PHOTO: Matthew Albence, acting director of the US Immigration and Customs Enforcement participates in a media conference in the James S. Brady Press Briefing Room at the White House, Sept. 26, 2019. Erik S. Lesser/EPA via Shutterstock
Matthew Albence, acting director of the US Immigration and Customs Enforcement participates in a media conference in the James S. Brady Press Briefing Room at the White House, Sept. 26, 2019.

“We've had to re-deploy a lot of our interior enforcement resources that would be taking criminal aliens off the street to deal with the onslaught of the surge that was occurring,” Albence said.

ICE did not provide data on this year’s arrests. In 2018, the agency made 7,449 criminal arrests compared to 5,790 criminal arrests in 2017.

Flanked by local law enforcement officials, Albence decried “sanctuary city” policies that he said obstruct federal law enforcement from making immigration arrests, saying: “Why do they want these criminals released back in the street instead of being removed from the country?”

The news of falling arrest numbers came in response to questions by ABC News about the Trump administration’s ability to forge partnerships with local jurisdictions which Albence said are needed to arrest undocumented immigrants who have been incarcerated in the United States.

The Trump administration has seen pushback from local law enforcement officers who worry the strong rhetoric out of the White House is making it less likely that undocumented immigrants will report crimes for fear of deportation.

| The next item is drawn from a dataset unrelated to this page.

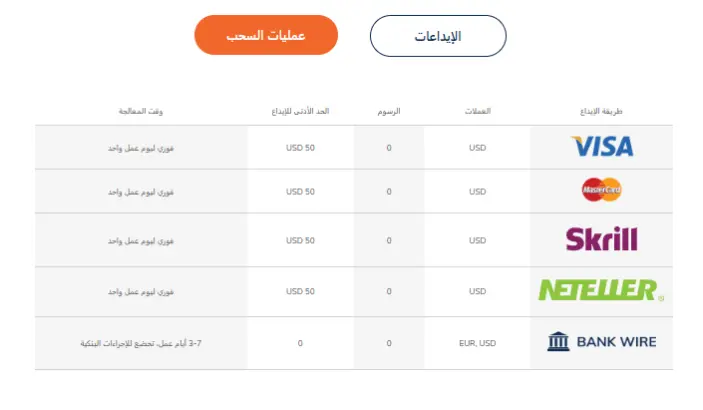 طرق الإيداع والسحب في شركة اي تي إف إكس ATFX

When Trump said early this summer that ICE would start targeting “millions” of undocumented immigrants, the announcement rattled immigrant communities even though the enforcement operations that followed were relatively routine.

The announcement comes as the Trump administration continues to grapple with the aftershocks of its controversial zero-tolerance policy, which called for the prosecution of every adult who crossed the border illegally, even those traveling with their children. The result was some 2,600 kids separated from their parents in a matter of weeks.

Last month, President Donald Trump announced a new plan to try to deter migration to the U.S. He said he plans to detain families together by lifting a longstanding 20-day limit on children in detention. That plan faces court challenges.

Overall, ICE removals still lag significantly behind those carried out under President Barack Obama, whose administration also saw a flood of families and unaccompanied children arrive at the border in 2014.

Obama’s Department of Homeland Security issued a list of priorities for immigration enforcement with a focus on felons and violent criminals. The Trump administration removed those priorities. But Albence insisted Thursday that the results were essentially the same, saying “90 percent” of people removed from the country were dangerous criminals or repeat immigration offenders.